REQUIREMENT: Reproduce, exactly and in full, only the lines below from the one containing "ひな人形 親王飾り 4E11-CS-001 ひな人形 親王飾り 4E11-CS-001" through the one containing "SER ALS JOCS".

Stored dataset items
- - -

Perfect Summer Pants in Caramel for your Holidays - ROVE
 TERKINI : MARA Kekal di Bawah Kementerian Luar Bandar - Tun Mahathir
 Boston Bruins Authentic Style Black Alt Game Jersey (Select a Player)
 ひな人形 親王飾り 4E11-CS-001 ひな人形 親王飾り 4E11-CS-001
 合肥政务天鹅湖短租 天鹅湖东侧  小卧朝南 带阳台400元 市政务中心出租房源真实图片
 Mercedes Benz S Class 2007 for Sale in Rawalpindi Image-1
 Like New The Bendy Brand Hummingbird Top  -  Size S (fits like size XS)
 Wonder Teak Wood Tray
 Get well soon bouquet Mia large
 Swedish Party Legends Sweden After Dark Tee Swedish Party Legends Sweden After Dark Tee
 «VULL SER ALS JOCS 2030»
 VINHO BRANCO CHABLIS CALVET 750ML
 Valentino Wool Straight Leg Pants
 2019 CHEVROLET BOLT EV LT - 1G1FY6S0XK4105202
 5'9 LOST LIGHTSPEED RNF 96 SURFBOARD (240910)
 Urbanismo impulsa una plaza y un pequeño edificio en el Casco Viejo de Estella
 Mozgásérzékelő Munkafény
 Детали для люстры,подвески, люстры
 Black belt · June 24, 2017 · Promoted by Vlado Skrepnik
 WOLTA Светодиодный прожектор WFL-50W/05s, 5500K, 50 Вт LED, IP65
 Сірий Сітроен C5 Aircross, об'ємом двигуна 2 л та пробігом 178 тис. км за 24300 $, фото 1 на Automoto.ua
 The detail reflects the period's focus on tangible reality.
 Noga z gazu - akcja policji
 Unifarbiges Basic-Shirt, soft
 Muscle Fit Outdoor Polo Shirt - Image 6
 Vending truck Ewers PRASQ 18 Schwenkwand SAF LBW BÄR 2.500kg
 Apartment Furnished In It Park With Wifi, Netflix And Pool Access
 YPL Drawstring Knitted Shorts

- - -

RESPONSE TO THIS EXERCISE:
 ひな人形 親王飾り 4E11-CS-001 ひな人形 親王飾り 4E11-CS-001
 合肥政务天鹅湖短租 天鹅湖东侧  小卧朝南 带阳台400元 市政务中心出租房源真实图片
 Mercedes Benz S Class 2007 for Sale in Rawalpindi Image-1
 Like New The Bendy Brand Hummingbird Top  -  Size S (fits like size XS)
 Wonder Teak Wood Tray
 Get well soon bouquet Mia large
 Swedish Party Legends Sweden After Dark Tee Swedish Party Legends Sweden After Dark Tee
 «VULL SER ALS JOCS 2030»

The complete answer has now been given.